Penn State private plane and soaring college costs

By Steven Brill - Reuters

How high are universities flying?

I was amazed to see this sentence in the piece the New York Times’s ever-amazing Jo Becker wrote last week about all the goodies outgoing Penn State football coach Joe Paterno negotiated in a new contract even as the Jerry Sandusky scandal was imploding around him: “He would also have the use of the university’s private plane…”

Penn State has a private plane? Sure, the school probably charters a jet when the team travels. But do the university executives have their own jet? How many other universities have perks like this?

As this article from Bloomberg.com documents, the relentless rise in higher education tuition and other costs has trapped students in debt from readily available student loans backed by us taxpayers. It is fast becoming a national scandal akin to the mortgage crisis.

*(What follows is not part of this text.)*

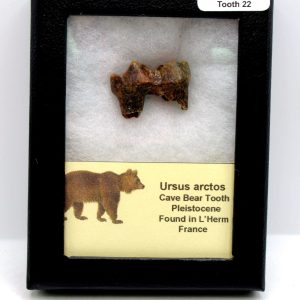 Cave Bear Tooth - L'Herm France #22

Which means we need some tough, fresh reporting finally holding university leaders accountable for spending and management efficiency.

According to news reports Penn State trustees raised tuition on the main campus last week by 2.9 percent. University officials bragged that this was the “lowest percentage tuition boost in 45 years and one of the smallest in the nation.” However, that raise followed a 4.9 percent increase the year before, and it exceeded the pace of inflation in any event. Sure, state aid to the school was cut, but a check of the university’s website reveals that the overall expense budget for the coming school year is still up $131 million, or 3.2 percent, over the year before, again outpacing inflation and despite those cuts in state aid. The overriding reality is that higher education remains a gold mine for reporters looking for waste and lack of accountability.

Air Paterno may be a good hook to get people interested. Which other schools have planes?